The sample consisted of 168 prepubescent children (aged 10.9 ± 0.5 years) from the school cluster Santa Clara (Guarda, Portugal), that were randomly assigned different training programs. The height and body mass of the entire sample was as follows: 1.43 ± 7.74 m, and 40.0 ± 8.8 kg, respectively.
The inclusion criteria were children aged between 10 and 11.5 years (from fifth and sixth grade), without a chronic pediatric disease or orthopedic limitation and without a regular oriented extracurricular physical activity (i.e., practice of some sport in an academy). For the entire sample, participation in a minimum of 22 of the 24 training sessions was required to be included in the analysis.
Before data collection and the beginning of the training, each participant reported any health problems, physical limitations, physical activity habits, and training experiences for the last 6 months. Thereafter, maturity levels based on Tanner stages (11) were self-assessed, and to minimize the effects of growth, only children that were self-assessed in Tanner stages I-II were selected. No subject had regularly participated in any form of training program before this experiment. Efforts were made to collect a sample for making comparable groups.

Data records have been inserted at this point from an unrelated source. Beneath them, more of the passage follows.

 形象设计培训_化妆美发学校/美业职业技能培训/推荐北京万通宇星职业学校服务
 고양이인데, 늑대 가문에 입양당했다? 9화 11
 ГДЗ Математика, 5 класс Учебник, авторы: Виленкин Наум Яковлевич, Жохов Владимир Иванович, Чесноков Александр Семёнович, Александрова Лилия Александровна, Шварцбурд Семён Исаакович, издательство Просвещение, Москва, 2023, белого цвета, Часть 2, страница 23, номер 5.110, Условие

After approval from the local ethics board of University of Beira Interior, Covilhã, Portugal, ensuring compliance with the declaration of Helsinki, the participants (prepubescent children) were informed about the study procedures, risks, and benefits, and a written informed consent was signed by the parent/guardian of the subjects.

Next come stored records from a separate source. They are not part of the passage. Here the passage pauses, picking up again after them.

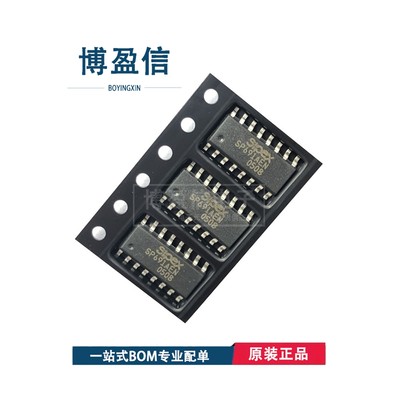 全新原装 SP691AEN-L/TR SP691AET-L/TR SOIC16 电源管理监控器IC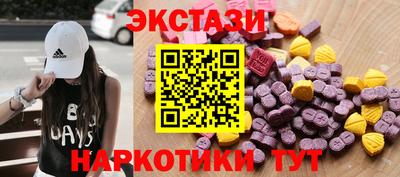 сатива Дубна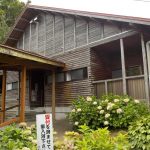 【白鳥温泉 上湯】露天風呂と蒸し風呂が有名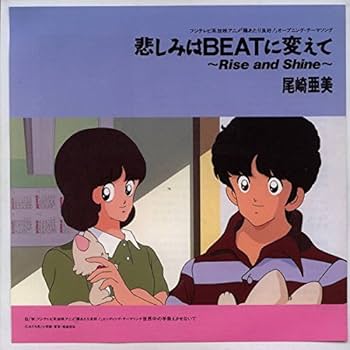 悲しみはBEATに変えて 日あたり良好　尾崎亜美  8センチ8cmシングルCDS 51yTOFN1M7L._UF350,350_QL80_.jpg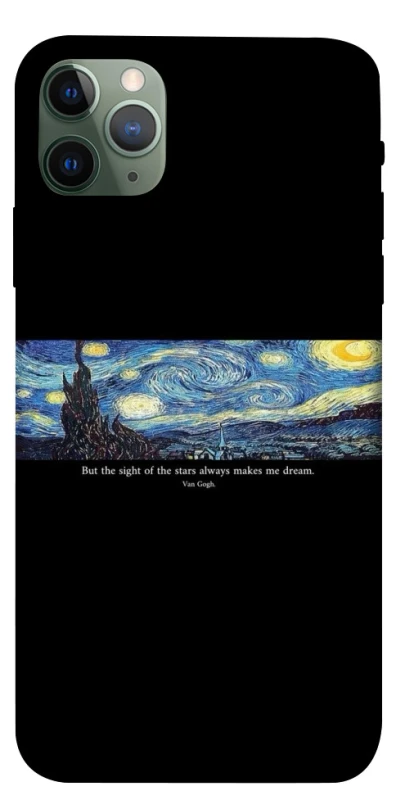 Чохол на Apple iPhone 11 Pro Max (6.5") Starry night Van Gogh фото 1 з 1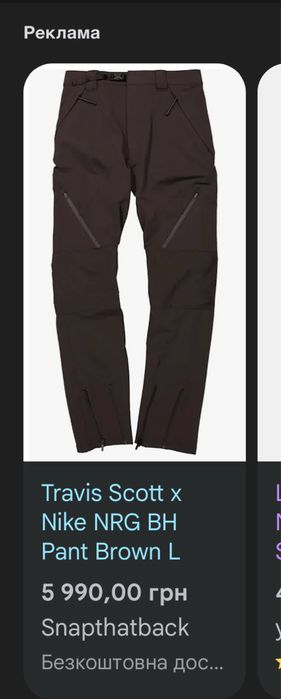 Nike x Cactus Jack Travis Scott Velvet brown pants: 2 999 грн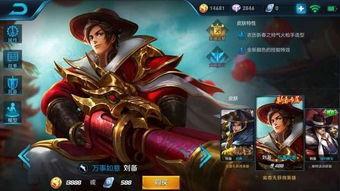 王者刘备重做最新爆料,英勇无畏，再战沙场  第2张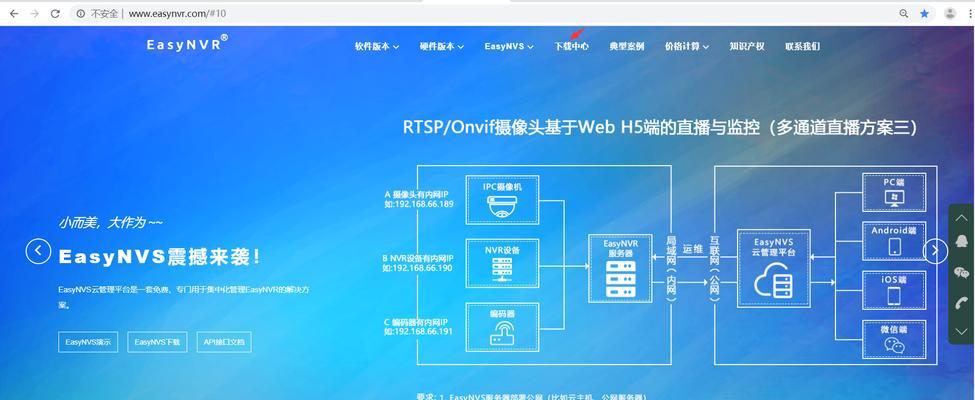 服务器传送功能如何使用？是否需要特定插件？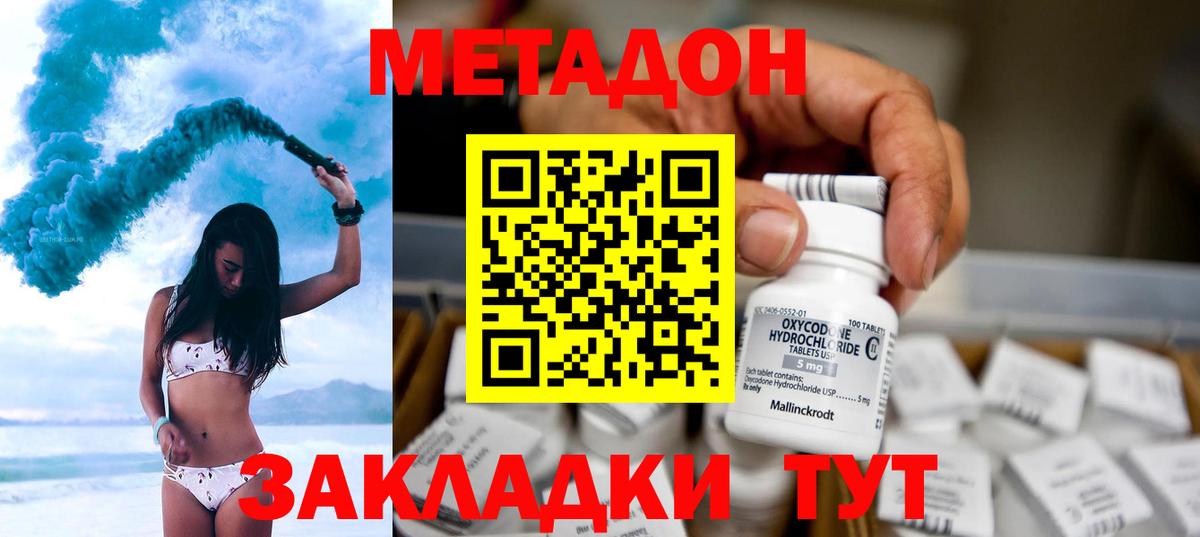 МЕТАДОН белоснежный  Вход с VPN  Нефтекамск  Метадон кристалл 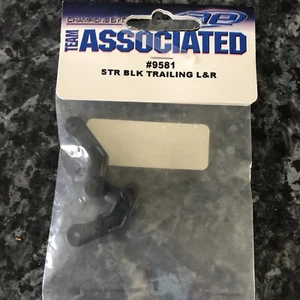 Team Associated RC10B4 NEW #9581 Steering Blocks Trailing L&R RARE New AS 9581 - Picture 1 of 2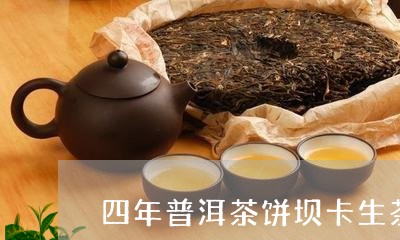 四年普洱茶饼坝卡生茶/2023061978302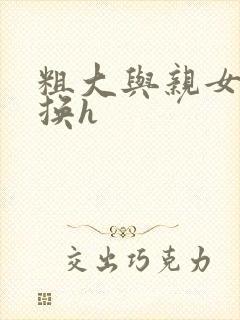 粗大与亲女伦交换h封面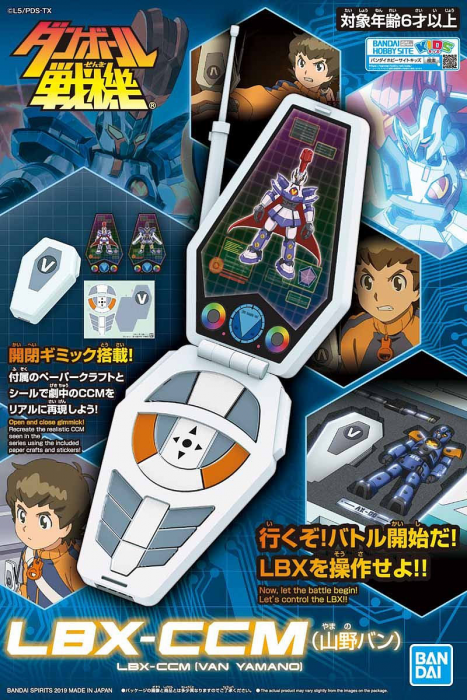 LBX - CCM (Van Yamano)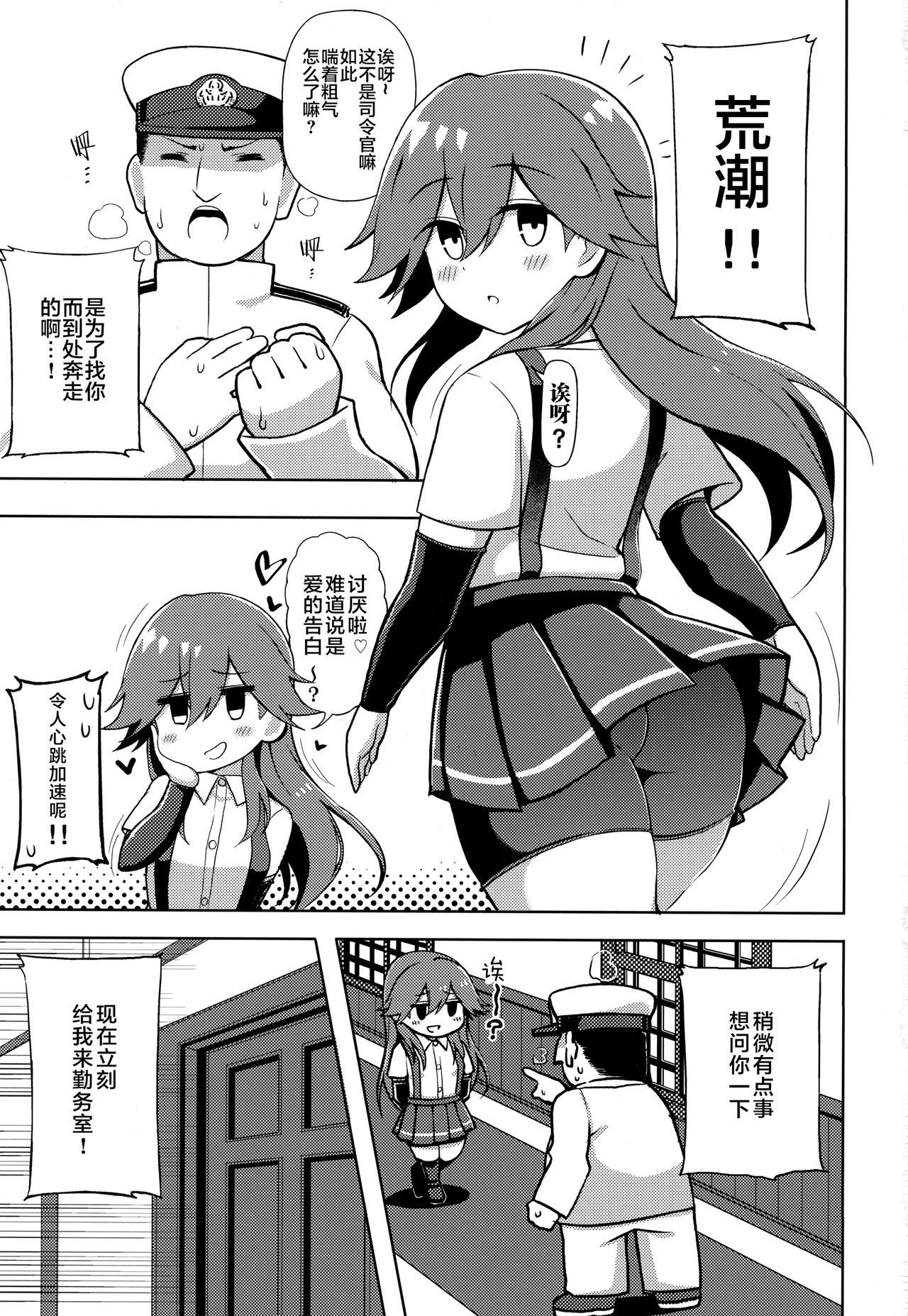 (COMIC1☆13) [虎小屋敷 (リチョウ)] リトルガールスウィートトラップ! (艦隊これくしょん -艦これ-)[中国翻訳]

One hundred sixty-eight healthy children recruited from a Portuguese public high school were randomly assigned to 3 experimental groups (8-week training, twice a week, from January 14 to March 15, 2013) and 1 GC as follows: 1 group performing GS (n = 41, 22 girls, 19 boys); another group performing GCOM1 (n = 45, 24 girls, 21 boys); the third performing GCOM2 (n = 38, 17 girls, 21 boys); and the GC (n = 44, 23 girls, 21 boys)—no training program. This last group followed the physical education class curriculum and did not have a specific training program. The assigned groups were determined by a chance process (a random number generator on a computer) and could not be predicted. This procedure was established according to the “CONSORT” statement. The participants were randomly assigned 1 of 4 intervention arms. Randomization was performed using R software version 2.14 (R Foundation for Statistical Computing). Before the start of the training, all the sample subjects attended physical education classes twice a week, with duration of 45 and 90 minutes each class, respectively. Typical physical education classes with an intensity low to moderate included various sports (team sports, gymnastics, dance, adventure sports, among others) with an evident pedagogical focus.

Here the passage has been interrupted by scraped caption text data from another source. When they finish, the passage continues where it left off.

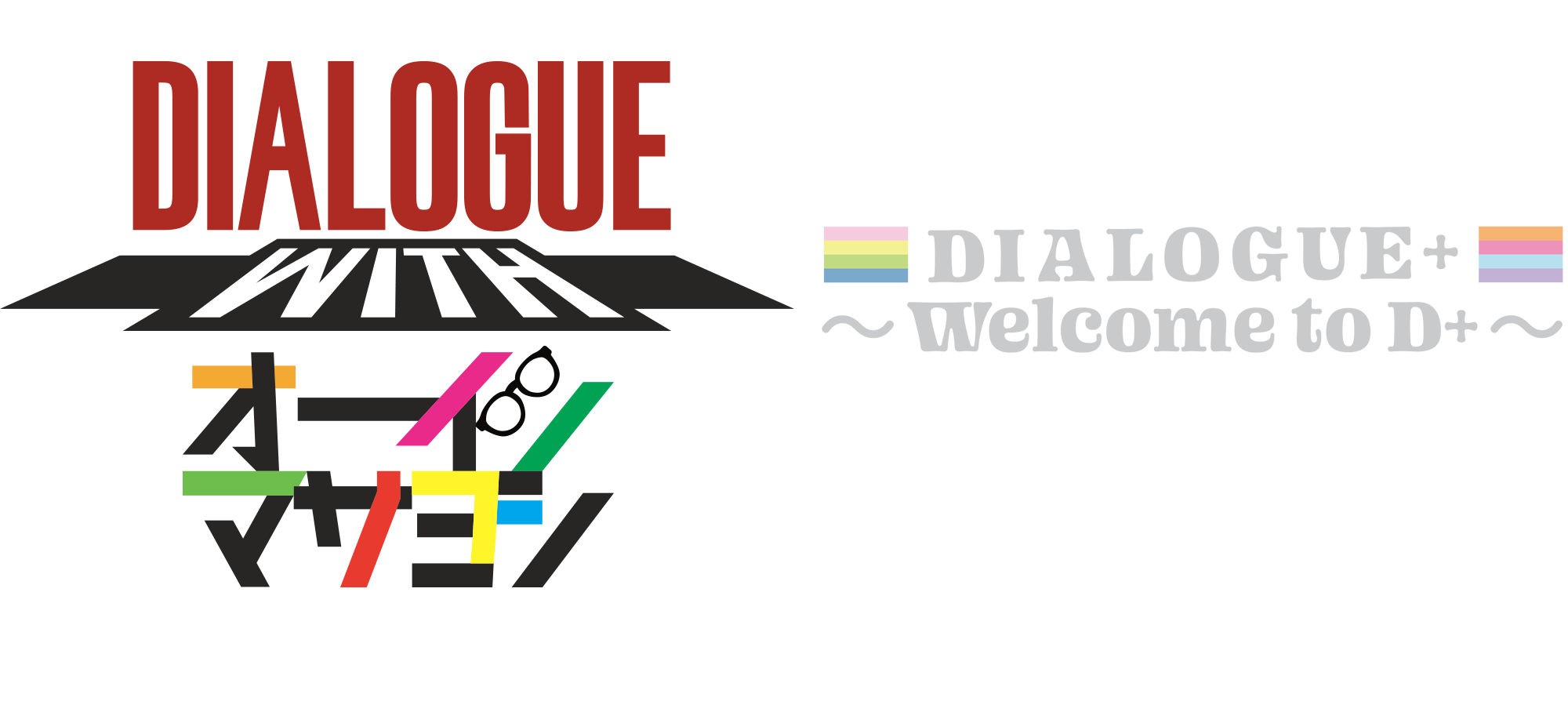 DIALOGUE＋WITH vol.8 －オーイシマサヨシ－ / Welcome to D＋ vol.4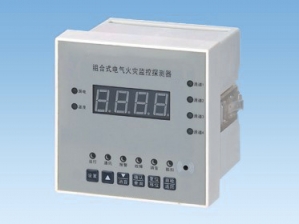 余壓探測(cè)器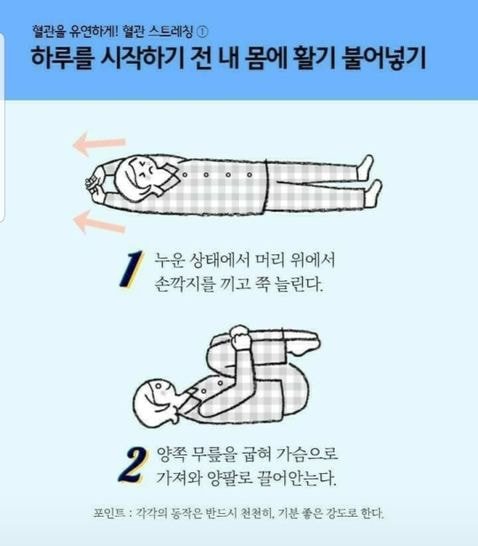  혈관 스트레칭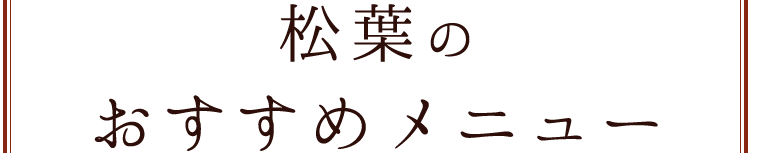 松葉の おすすめメニュー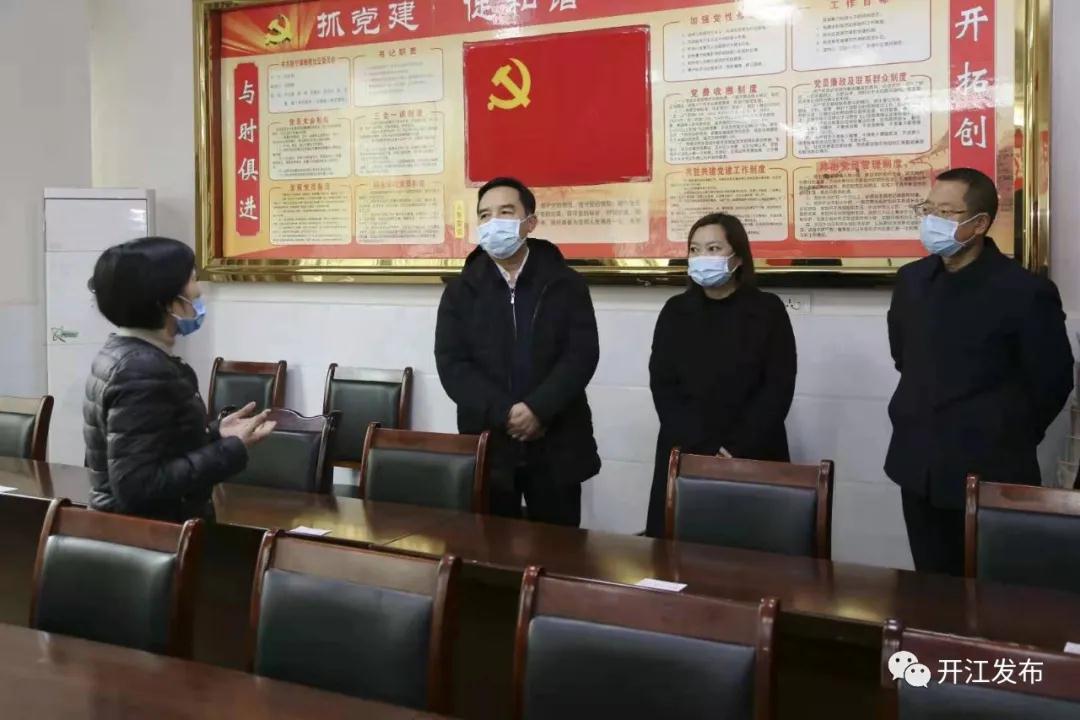 微信图片_20210125095508.jpg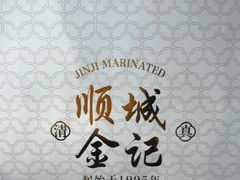 -顺城金记卤鸡·清真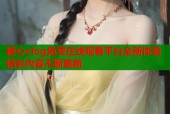 糖心vlog免费在线观看平台全新体验精彩内容不断更新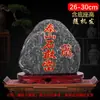 Pedra Autêntica de Taishan Ornamento de Pedra Bruta Natural para Uso Interno e Externo, Preenchimento de Cantos, Proteção contra Corredores de Estrada, Pedra de Fundo para Sala de Estar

The training program was implemented additionally to physical education classes. Before the training, the subjects warmed up for approximately 10 minutes with low to moderate-intensity exercises (e.g., running, sprints, stretching, and joint specific warm-up). Joint rotations included slow circular movements, both clockwise and counterclockwise, until the entire joint moved smoothly. Stretching exercises included back and chest stretches, shoulder and side stretches, wrist, waist, quadriceps, groin, and hamstring stretches. At the end of the training sessions, all subjects performed 5 minutes of static stretching exercises such as kneeling lunges, ankle over knee, rotation, and hamstrings. After the warm-up period, all the training groups were submitted to a strength training program composed of 1 and 3-kg medicine ball throws, jumps onto a box (from 0.3 to 0.5 m), vertical jumps above a 0.3–0.5 m hurdle and sets of 30–40 m of speed running.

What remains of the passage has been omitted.